First of all the good ones. Yesterday was a pretty hectic day for the farmer. In the morning he tossed up the grass in his two hay paddocks. Then he went off with his walking group for his fortnightly walk. It was so hot that they cut short their walk, so he was home in time to see the end of the marvellous Andy Murray match. In fact, when he came in I was sitting on the settee in our lovely cool back room, watching the match with tears streaming down my cheeks. It was the last game - and what a cliff-hanger.
He had a quick cup of tea and then, while I was preparing the salad for tea, he went out, rowed up both fields and baled the hay. It is surprising what a short job this is as the baler works very efficiently, shunting out bales from the back on to a sledge and every eight bales dropping them in a neat rectangle on the field.

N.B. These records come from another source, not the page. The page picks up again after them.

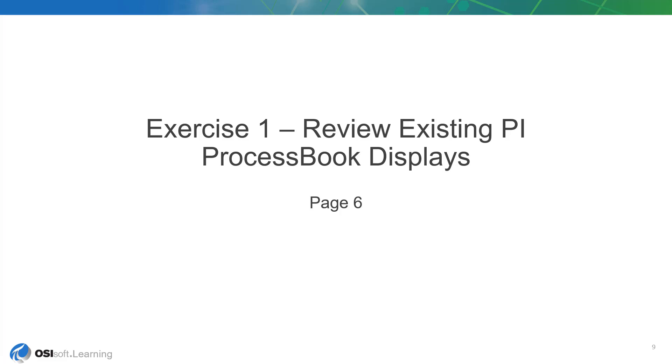We want to be sure to review the PI ProcessBook displays so we know what content exists in the displays and how they work.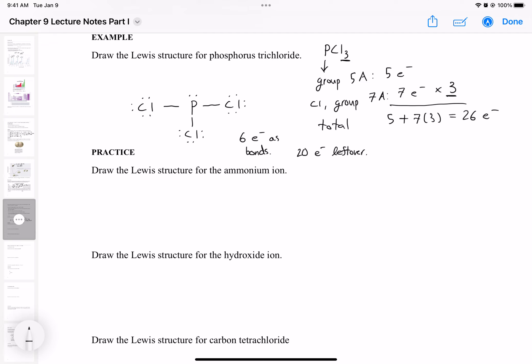Hello everyone, let's continue where we left off. Now that we did one of those examples, let's do some more practice problems. Let's draw the structure for the ammonium ion. The ammonium ion is NH4+. For right now we're not going to be concerned about where the charge is, but let's first draw the Lewis structure.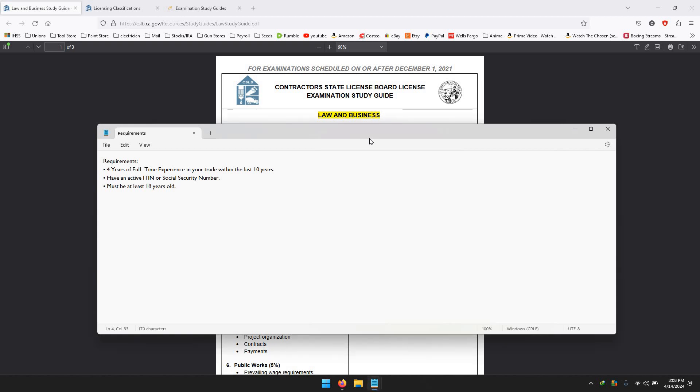Alright guys, here's a quick video I'm going to do - an introduction video. What I'm going to end up doing is making an updated 2024 how to get your contractor's license in the state of California. It's honestly not as hard as people make it out to be.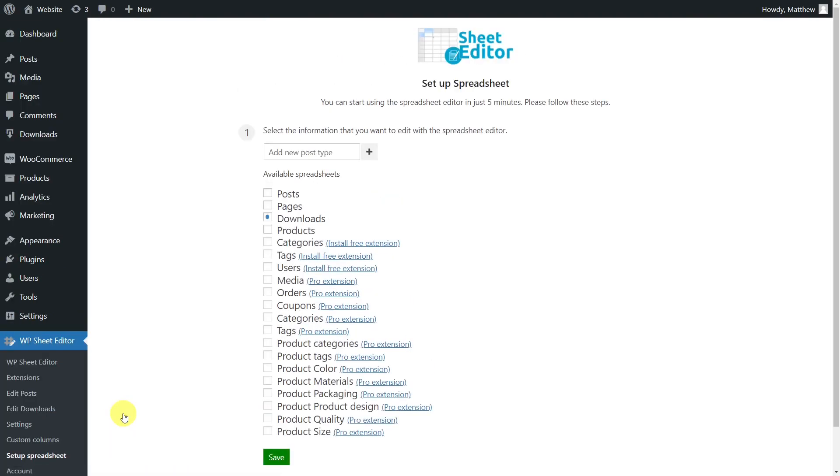The plugin displays all your products in a spreadsheet to edit the values like you do in Excel or Google Sheets. The plugin also allows you to do advanced searches in seconds, export files to a CSV file, import new files and changes from a CSV file, and apply bulk changes in seconds.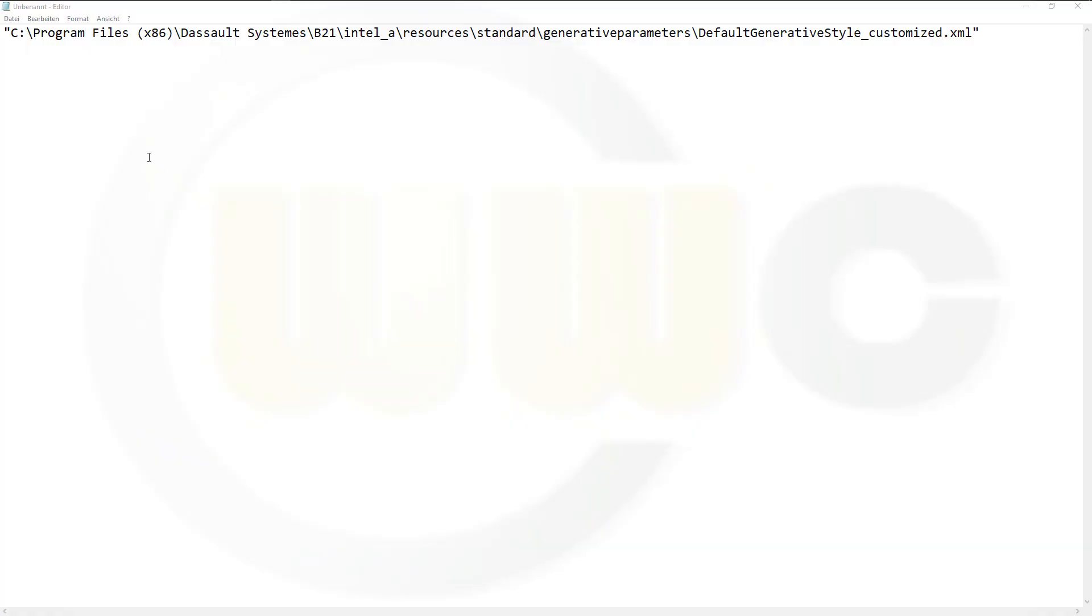So the path would look something like this. On C, slash program files x86, Dassault Systèmes, B21, Intel A, resources, standard generative parameters, and there you will paste the default generative style customized XML file.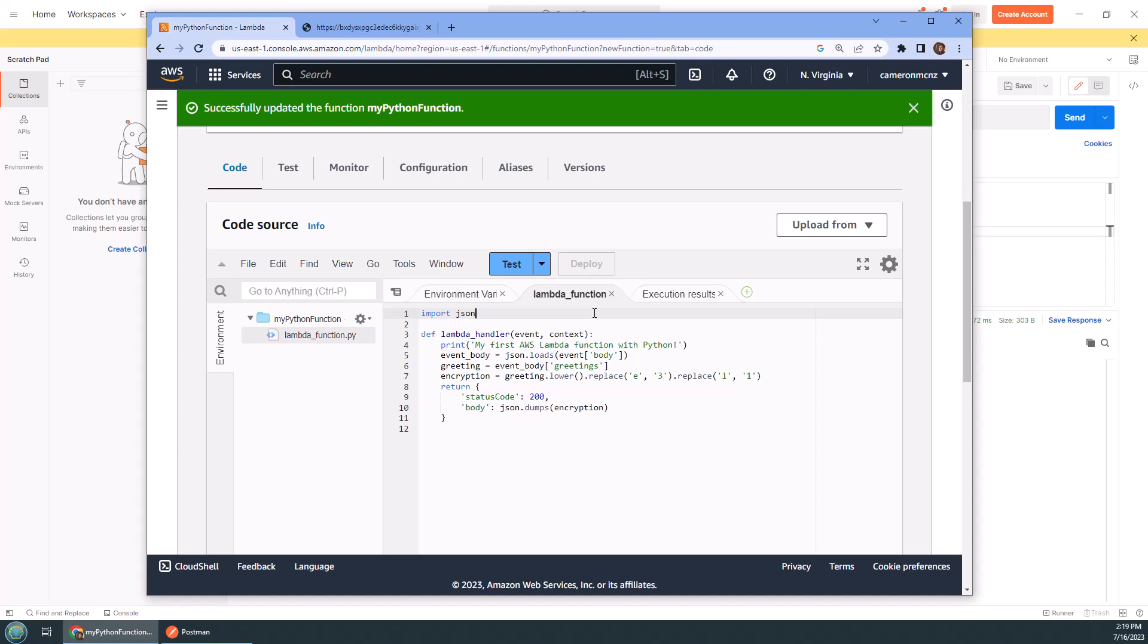So there you go, that's how easy it is to create a Python-based AWS Lambda function, create a public URL for it, and even test it in Postman.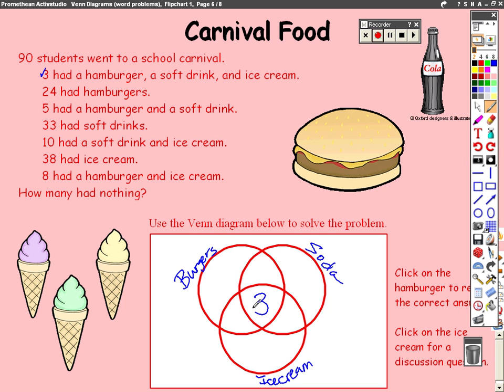Then the next step, we're going to go to the intersections of each of the different circles. The first one being hamburgers and soft drinks — that's five people. Please remember that this is where I'm fixing my mistake from today's lesson. The five people includes the three that's in the intersection. Therefore, two people had just burgers and sodas.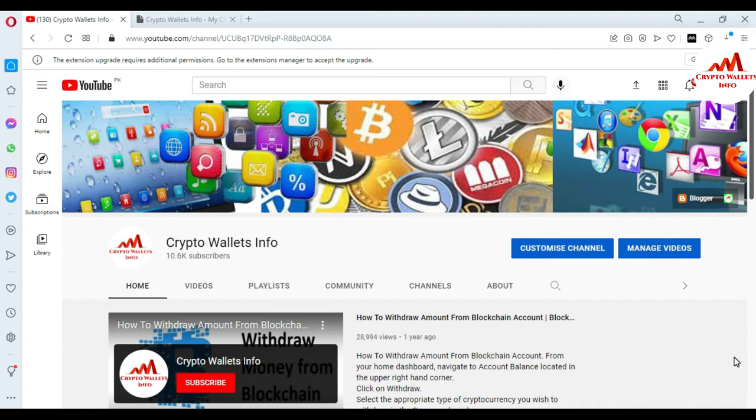In the last video, I gave information on how to check the balance of any Bitcoin Gold wallet. If you have the address of a friend or family member, you can easily check the final balance, all transaction history, date, time — everything about the wallet address. If you have not watched my YouTube channel, it is very informative for you.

He decided it would be sensible to get the bales into the hay shed before dark, so he went out again while I watched an interesting "Country File" about the Cambrian Mountains in Wales. He came in to say that his loader had completely broken down and just would not load the bales on to the trailer. He rang neighbouring farmer G to see if he could borrow G's loader for an hour this morning. Better than that - G came across immediately and loaded the lot for him and together they got them all into the hay barn - on a Sunday night. Now if that is not good neighbourliness I don't know what is. That kind of neighbourliness exists all the time round here and is so refreshing to see and partake in. I know the farmer would have done the same for him.
Now to the bad neighbours. These have four legs, long ears and a white bobtail. For much of the time we coexist on the farm, aahing at the pretty little babies, feeling sad when myxamatosis strikes. If we get over-run with rabbits then we ask the shooters to come in and get rid of a few quickly and cleanly, but most of the time we tolerate them.

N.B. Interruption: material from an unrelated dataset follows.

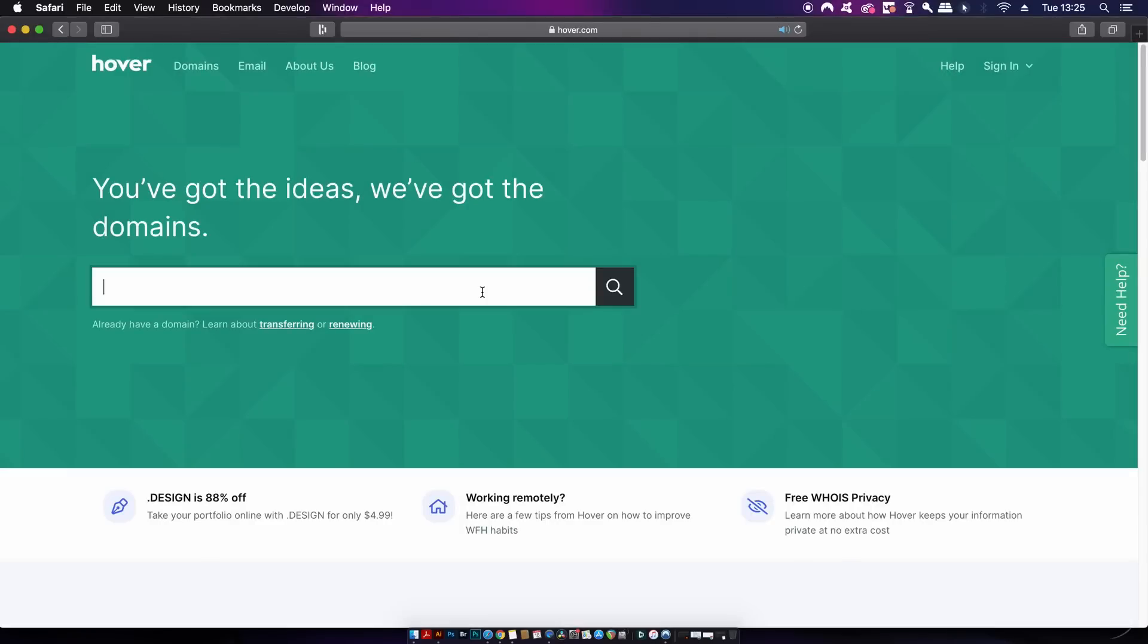As you should be able to see by now, setting up a personal presence online to promote your skills is pretty essential and a service that can really help with that is Hover.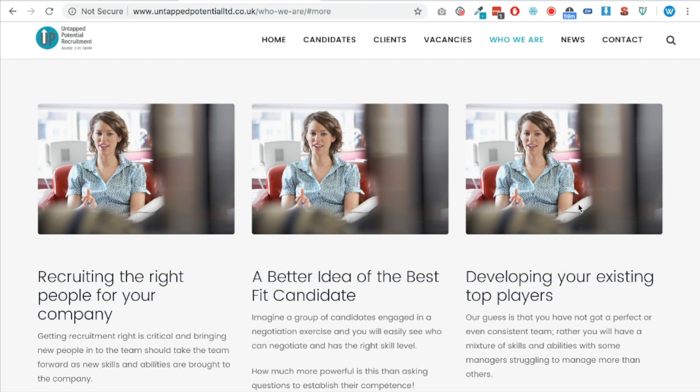If you found this helpful, do click the thumbs up and maybe give me a subscribe, because I give WordPress tips every so often and hopefully I can help you out in future. All the best!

But yesterday Tess and I went down to the vegetable garden, which is well-protected against rabbits by wire netting all round. I went for a Cos lettuce for the salad; Tess came along for the walk. I opened the gate - Tess took off like a rocket, completely missing the fact that the salad leaves, beetroot and parsley seedlings were covered in green netting. She did a multiple somersault over the netting and made for the cos lettuce row (not protected) where a rabbit sat calmly eating a lettuce leaf. It shot I know not where. The farmer has done a recce round the garden today and he can't find a space. His response to the fact that it was eating my Cos was that if that was all it got then it didn;t really matter as it would be a few less for him to eat (Cos lettuce is not on his favourite menu).
I think it needs to start on his beloved pea rows for him to sit up and take notice. Meanwhile I continue to tolerate this bad neighbour and hope it keeps out in future.
Incidentally - 108 bales of hay from two small fields - nicely stacked in the hay barn and already commandeered by the two farm cats who can survey the baby swallows from a great height - the yard is full of them and the parents give the cats very short shrift if they venture out anywhere near their babies.
The photograph shows neighbour G collecting the bales in the failing light.